• [PROMPT]: Starting at the line that holds "1651912843127921.png 礦業(yè)管理4.0.jpg" and stopping at the line that holds "Surface pressure ECMWFTS", restate the records below word for word, with both of those lines included.

[Crawled caption data]
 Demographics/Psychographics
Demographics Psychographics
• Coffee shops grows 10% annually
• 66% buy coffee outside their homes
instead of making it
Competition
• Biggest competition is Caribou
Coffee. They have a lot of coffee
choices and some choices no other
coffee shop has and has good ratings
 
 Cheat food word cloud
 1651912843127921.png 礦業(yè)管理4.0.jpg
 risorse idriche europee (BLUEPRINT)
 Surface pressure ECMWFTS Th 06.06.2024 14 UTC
...
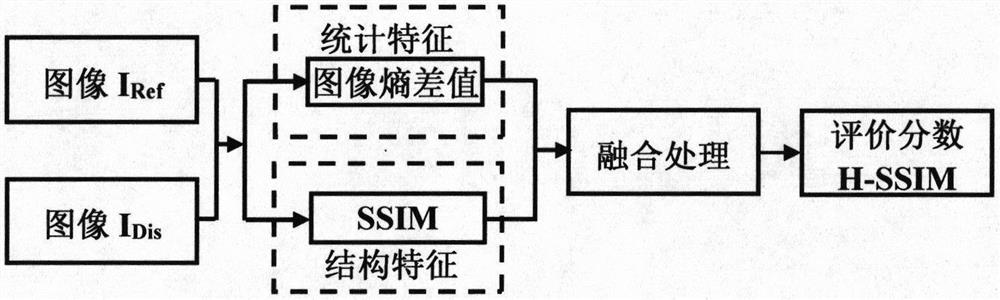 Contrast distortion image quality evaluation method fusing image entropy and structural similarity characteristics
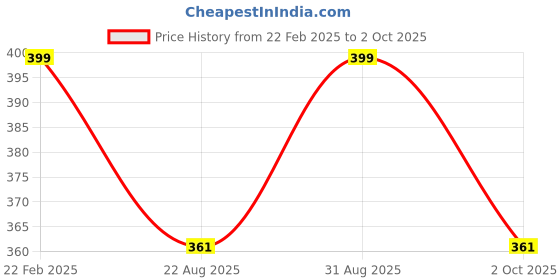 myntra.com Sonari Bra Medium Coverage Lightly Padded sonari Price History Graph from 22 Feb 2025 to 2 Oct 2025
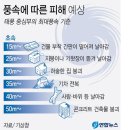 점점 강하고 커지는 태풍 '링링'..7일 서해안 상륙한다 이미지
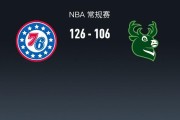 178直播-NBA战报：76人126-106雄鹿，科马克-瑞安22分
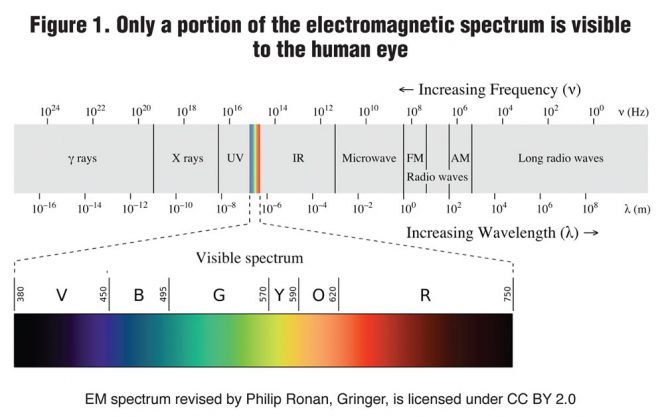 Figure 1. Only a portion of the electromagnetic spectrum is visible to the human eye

• [REPLY]:
 1651912843127921.png 礦業(yè)管理4.0.jpg
 risorse idriche europee (BLUEPRINT)
 Surface pressure ECMWFTS Th 06.06.2024 14 UTC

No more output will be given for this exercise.